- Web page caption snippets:
....

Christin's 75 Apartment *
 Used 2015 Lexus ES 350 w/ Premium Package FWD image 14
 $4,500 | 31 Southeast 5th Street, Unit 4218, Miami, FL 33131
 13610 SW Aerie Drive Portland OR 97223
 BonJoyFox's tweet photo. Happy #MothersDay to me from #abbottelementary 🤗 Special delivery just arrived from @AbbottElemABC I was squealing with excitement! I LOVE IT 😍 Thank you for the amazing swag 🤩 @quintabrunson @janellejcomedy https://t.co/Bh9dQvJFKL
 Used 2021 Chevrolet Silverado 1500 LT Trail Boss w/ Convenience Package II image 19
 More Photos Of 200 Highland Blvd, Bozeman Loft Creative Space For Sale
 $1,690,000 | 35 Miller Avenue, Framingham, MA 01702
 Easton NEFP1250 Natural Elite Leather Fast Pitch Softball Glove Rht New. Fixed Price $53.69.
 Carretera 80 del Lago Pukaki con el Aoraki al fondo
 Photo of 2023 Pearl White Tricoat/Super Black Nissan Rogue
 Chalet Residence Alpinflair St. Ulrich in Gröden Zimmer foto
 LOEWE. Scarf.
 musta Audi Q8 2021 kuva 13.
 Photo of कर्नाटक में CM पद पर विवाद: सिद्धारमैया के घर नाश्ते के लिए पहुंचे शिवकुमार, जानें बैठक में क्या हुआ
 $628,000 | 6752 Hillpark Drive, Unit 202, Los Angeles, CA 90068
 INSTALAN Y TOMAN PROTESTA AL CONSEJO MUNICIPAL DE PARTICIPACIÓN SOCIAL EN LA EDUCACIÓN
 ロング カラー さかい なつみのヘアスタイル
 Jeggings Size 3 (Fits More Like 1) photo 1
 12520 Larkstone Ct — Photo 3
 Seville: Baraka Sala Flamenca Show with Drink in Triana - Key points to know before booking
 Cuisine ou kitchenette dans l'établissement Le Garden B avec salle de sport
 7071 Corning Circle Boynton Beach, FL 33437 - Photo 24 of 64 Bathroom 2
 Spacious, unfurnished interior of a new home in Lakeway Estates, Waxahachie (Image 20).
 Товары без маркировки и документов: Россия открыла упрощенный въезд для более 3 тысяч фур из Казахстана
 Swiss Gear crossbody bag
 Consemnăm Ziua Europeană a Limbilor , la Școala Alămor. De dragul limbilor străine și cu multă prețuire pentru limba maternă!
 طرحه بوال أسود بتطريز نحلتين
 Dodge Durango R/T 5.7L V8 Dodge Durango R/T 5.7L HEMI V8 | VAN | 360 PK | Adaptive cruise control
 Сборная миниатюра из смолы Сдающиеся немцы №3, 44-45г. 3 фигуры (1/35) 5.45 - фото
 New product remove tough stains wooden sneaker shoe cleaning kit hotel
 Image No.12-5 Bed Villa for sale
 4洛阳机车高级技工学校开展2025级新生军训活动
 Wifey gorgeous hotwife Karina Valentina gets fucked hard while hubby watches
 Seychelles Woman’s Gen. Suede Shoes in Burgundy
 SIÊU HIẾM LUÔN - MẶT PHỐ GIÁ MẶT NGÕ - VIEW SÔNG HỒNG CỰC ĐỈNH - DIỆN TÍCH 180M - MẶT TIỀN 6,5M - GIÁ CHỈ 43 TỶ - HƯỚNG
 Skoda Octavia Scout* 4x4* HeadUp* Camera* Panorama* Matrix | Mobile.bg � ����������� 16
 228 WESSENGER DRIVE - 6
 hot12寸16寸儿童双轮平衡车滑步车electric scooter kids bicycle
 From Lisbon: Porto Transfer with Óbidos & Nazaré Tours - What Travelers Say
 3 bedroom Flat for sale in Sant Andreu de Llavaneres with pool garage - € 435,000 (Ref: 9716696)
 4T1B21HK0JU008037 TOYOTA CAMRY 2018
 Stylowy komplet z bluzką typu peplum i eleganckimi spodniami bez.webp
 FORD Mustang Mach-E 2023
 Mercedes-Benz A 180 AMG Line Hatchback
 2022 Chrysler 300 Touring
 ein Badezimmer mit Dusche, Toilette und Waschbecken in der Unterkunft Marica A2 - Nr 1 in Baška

....

- PROBLEM STATEMENT: Using the data above, repeat exactly the lines that begin at the line with "Seychelles Woman’s Gen." and end at the line with "FORD Mustang Mach-E 2023", both ends included.

- TASK ANSWER:
 Seychelles Woman’s Gen. Suede Shoes in Burgundy
 SIÊU HIẾM LUÔN - MẶT PHỐ GIÁ MẶT NGÕ - VIEW SÔNG HỒNG CỰC ĐỈNH - DIỆN TÍCH 180M - MẶT TIỀN 6,5M - GIÁ CHỈ 43 TỶ - HƯỚNG
 Skoda Octavia Scout* 4x4* HeadUp* Camera* Panorama* Matrix | Mobile.bg � ����������� 16
 228 WESSENGER DRIVE - 6
 hot12寸16寸儿童双轮平衡车滑步车electric scooter kids bicycle
 From Lisbon: Porto Transfer with Óbidos & Nazaré Tours - What Travelers Say
 3 bedroom Flat for sale in Sant Andreu de Llavaneres with pool garage - € 435,000 (Ref: 9716696)
 4T1B21HK0JU008037 TOYOTA CAMRY 2018
 Stylowy komplet z bluzką typu peplum i eleganckimi spodniami bez.webp
 FORD Mustang Mach-E 2023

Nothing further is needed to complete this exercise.